» Exercise aim
Lines from the one with "Multicolor Printed Soft" up to and including the one with "Geometric Irregular Metallic" are to be copied exactly from the records below, without their pictures.

» Supplied material
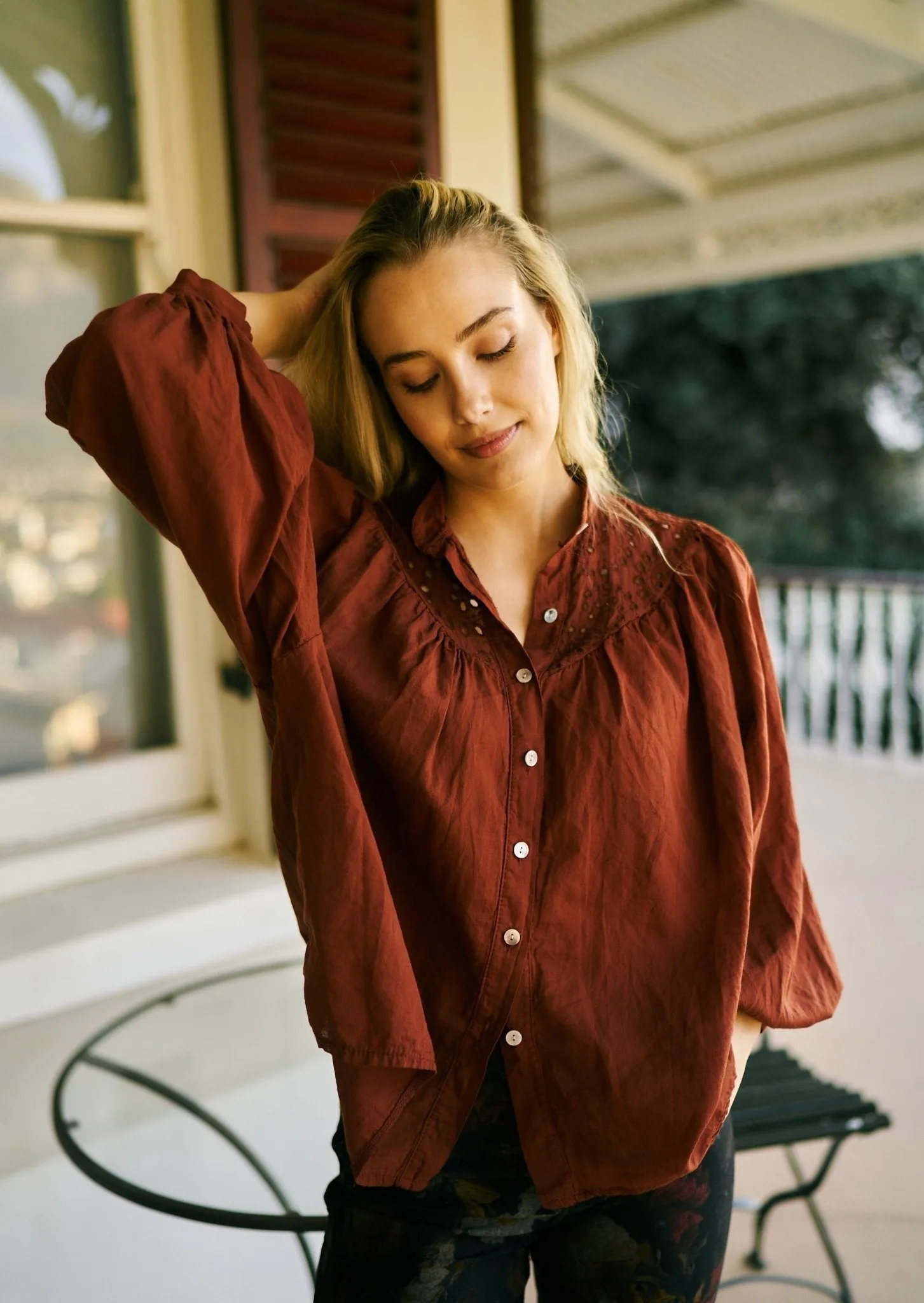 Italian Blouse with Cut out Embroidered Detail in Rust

...

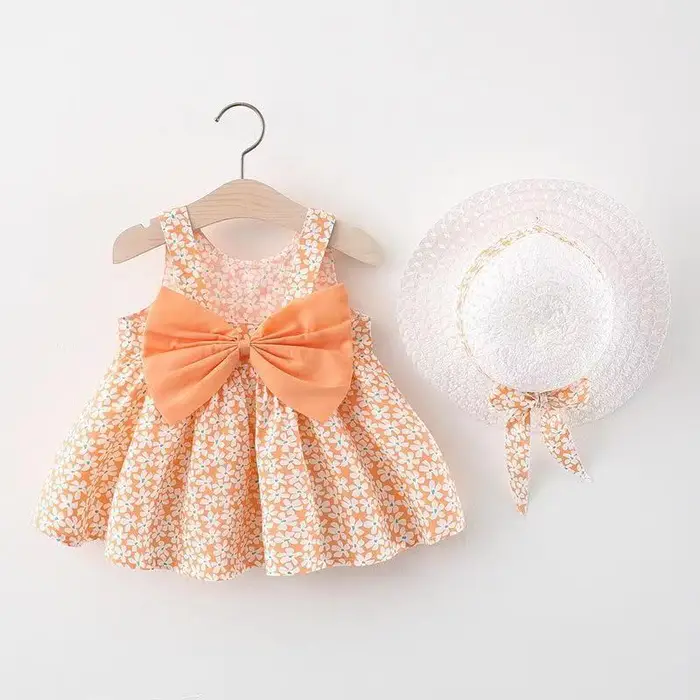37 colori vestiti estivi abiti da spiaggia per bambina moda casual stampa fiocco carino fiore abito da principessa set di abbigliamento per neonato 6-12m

==

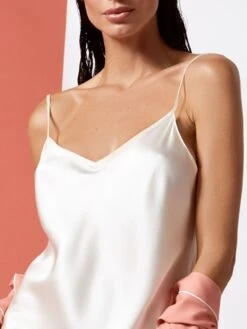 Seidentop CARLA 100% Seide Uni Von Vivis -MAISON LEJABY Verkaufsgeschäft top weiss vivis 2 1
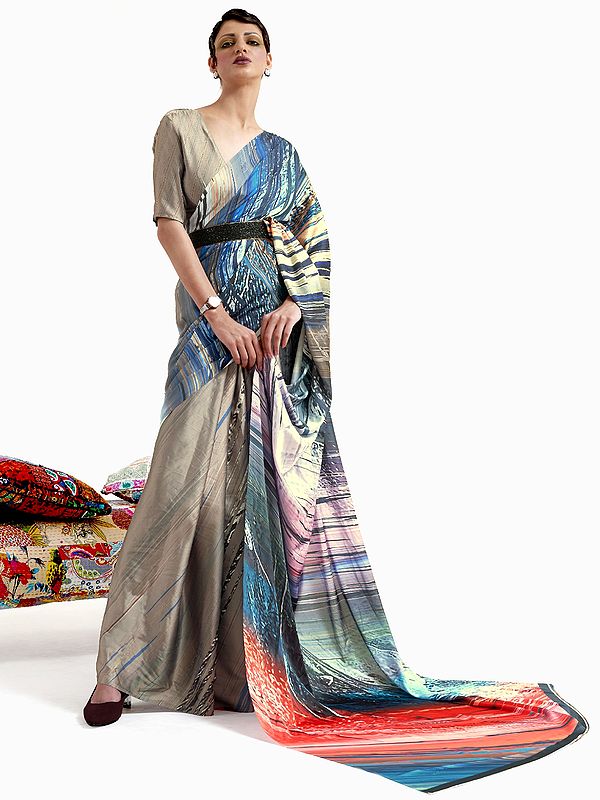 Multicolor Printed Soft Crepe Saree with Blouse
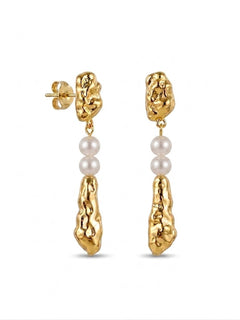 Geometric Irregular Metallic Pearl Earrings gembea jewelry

» Exercise response
 Multicolor Printed Soft Crepe Saree with Blouse
 Geometric Irregular Metallic Pearl Earrings gembea jewelry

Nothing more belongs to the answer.